Als Faustregel gelte, dass eine ausgewogene und abwechslungsreiche Ernährung den gesunden Körper ausreichend mit lebensnotwendigen Stoffen versorge. Wer zusätzlich hoch dosierte NEM einnehme, stei­gere sein Risiko für eine Überversorgung mit den betreffenden Mikronährstoffen.

Das BfR hat bei der Höchstmengenableitung für NEM die Altersgruppe der 15- bis 17-Jährigen als Be­zugs­gruppe gewählt. Dies soll sicherstellen, dass gesundheitliche Beeinträchtigungen durch den Verzehr von NEM oder angereicherten Lebensmitteln nicht nur für Erwachsene, sondern auch für Jugendliche sehr unwahrscheinlich sind.

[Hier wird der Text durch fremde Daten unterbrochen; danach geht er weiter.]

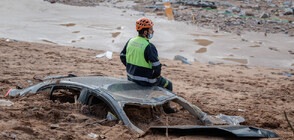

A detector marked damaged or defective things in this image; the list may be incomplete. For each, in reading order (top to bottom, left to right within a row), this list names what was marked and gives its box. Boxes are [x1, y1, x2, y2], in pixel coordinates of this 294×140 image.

crushed car [5, 75, 280, 138]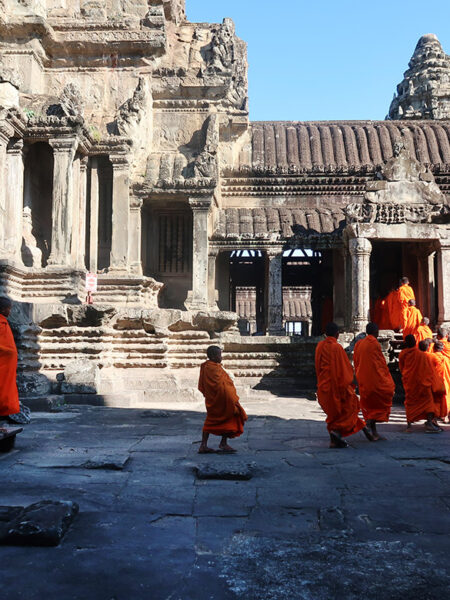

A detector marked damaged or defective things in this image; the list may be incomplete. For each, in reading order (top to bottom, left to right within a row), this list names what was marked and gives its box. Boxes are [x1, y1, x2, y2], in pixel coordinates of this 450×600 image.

cracked pavement [0, 398, 450, 600]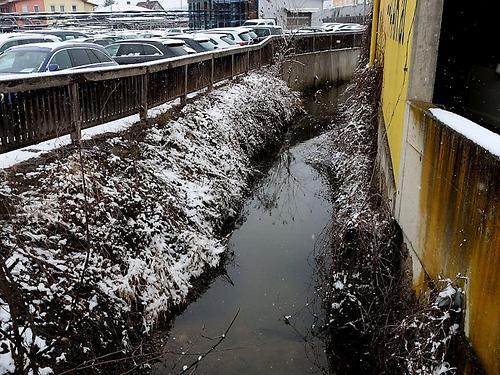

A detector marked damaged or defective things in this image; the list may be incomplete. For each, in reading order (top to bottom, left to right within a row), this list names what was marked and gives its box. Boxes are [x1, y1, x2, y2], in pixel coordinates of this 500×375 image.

rust stain [418, 113, 500, 374]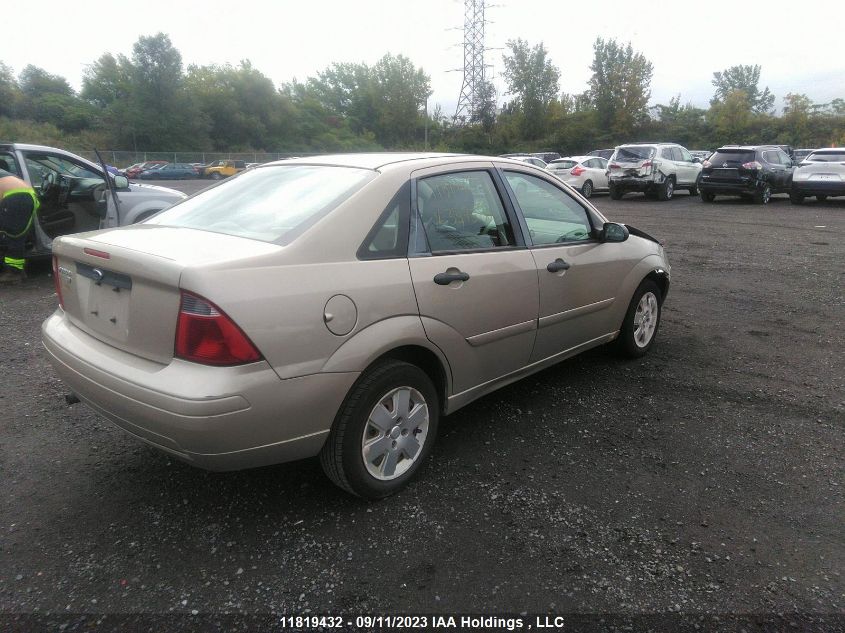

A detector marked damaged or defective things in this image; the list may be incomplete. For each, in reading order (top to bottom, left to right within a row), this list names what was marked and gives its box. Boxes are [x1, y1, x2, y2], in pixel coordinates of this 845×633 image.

damaged vehicle [0, 143, 186, 256]
damaged vehicle [608, 143, 700, 200]
damaged vehicle [41, 153, 672, 498]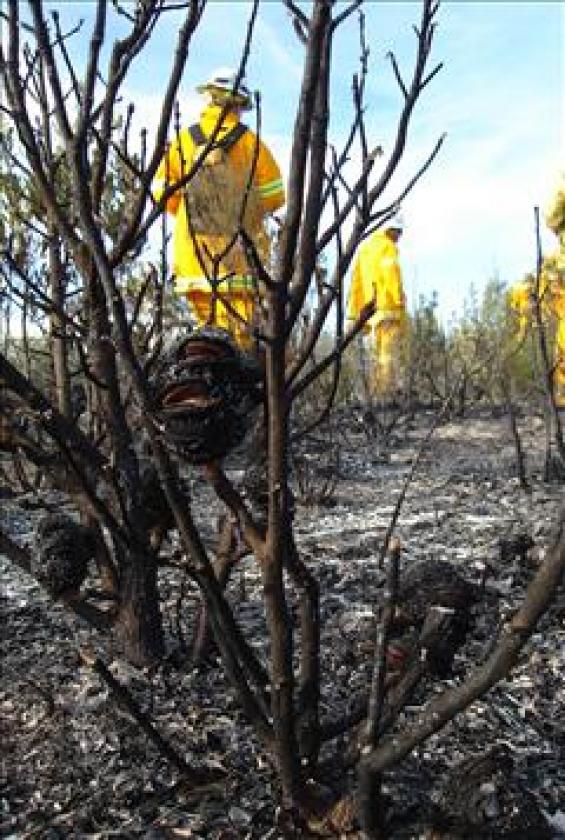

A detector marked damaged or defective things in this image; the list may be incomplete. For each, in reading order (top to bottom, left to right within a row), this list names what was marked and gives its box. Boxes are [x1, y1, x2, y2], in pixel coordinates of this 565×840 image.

burnt banksia cone [150, 326, 264, 462]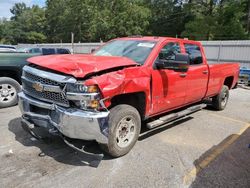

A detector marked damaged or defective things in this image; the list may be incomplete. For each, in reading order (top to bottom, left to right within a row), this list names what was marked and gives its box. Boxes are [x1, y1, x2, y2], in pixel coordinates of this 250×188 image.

crumpled hood [27, 54, 138, 78]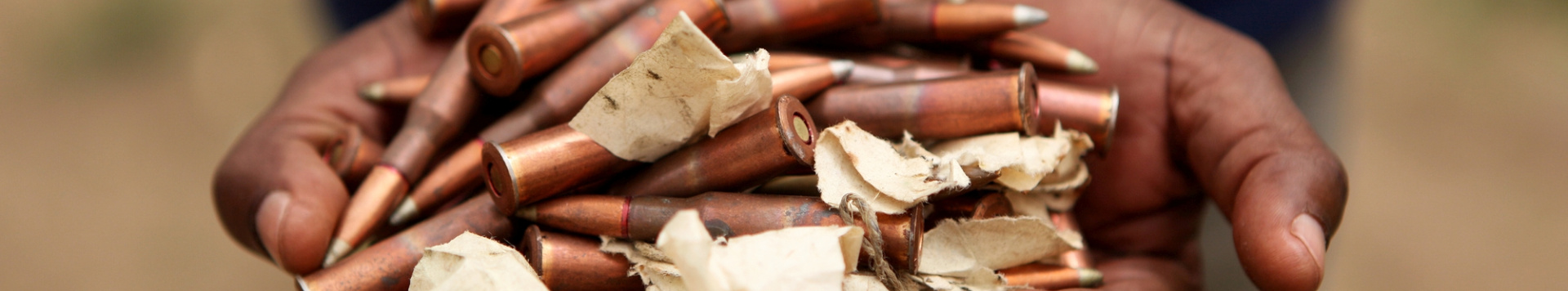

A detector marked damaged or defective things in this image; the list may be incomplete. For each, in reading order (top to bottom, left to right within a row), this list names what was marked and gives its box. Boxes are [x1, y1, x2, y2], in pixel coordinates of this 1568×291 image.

torn paper scrap [573, 11, 774, 161]
torn paper scrap [815, 120, 960, 213]
torn paper scrap [411, 231, 551, 291]
torn paper scrap [655, 210, 865, 289]
torn paper scrap [915, 215, 1078, 280]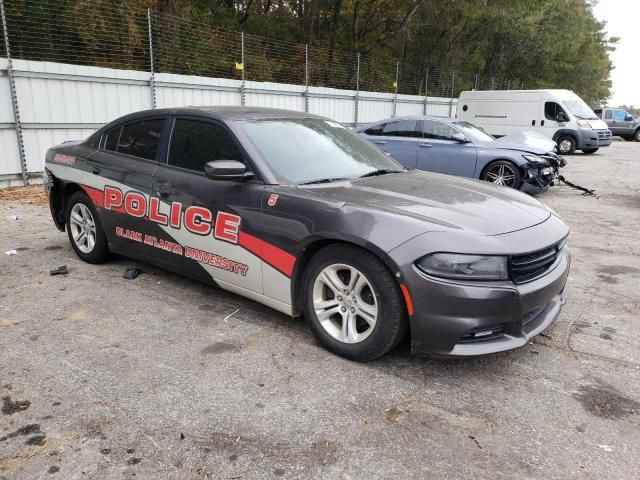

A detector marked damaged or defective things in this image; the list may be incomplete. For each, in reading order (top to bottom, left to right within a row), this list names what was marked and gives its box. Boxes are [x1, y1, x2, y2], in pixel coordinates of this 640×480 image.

damaged vehicle [42, 108, 568, 360]
damaged vehicle [358, 116, 568, 193]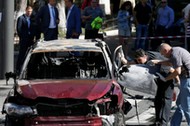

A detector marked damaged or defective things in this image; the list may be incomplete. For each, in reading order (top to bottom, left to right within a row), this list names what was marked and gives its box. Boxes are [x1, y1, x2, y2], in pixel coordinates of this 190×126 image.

Zusätzlich wurde bei nahezu jedem Nährstoff ein Unsicher­heitsfaktor von zwei verwendet. Dies soll wissenschaftlichen Unsicherheiten und einer möglichen Mehrfachexposition durch die Einnahme unter­schiedlicher NEM Rechnung tragen.

Das Institut hat alle relevanten Vitamine und Mineralstoffe einzeln bewertet und die wissenschaftliche Evidenz für alle Substanzen in einem jeweils eigenen Paper dargestellt.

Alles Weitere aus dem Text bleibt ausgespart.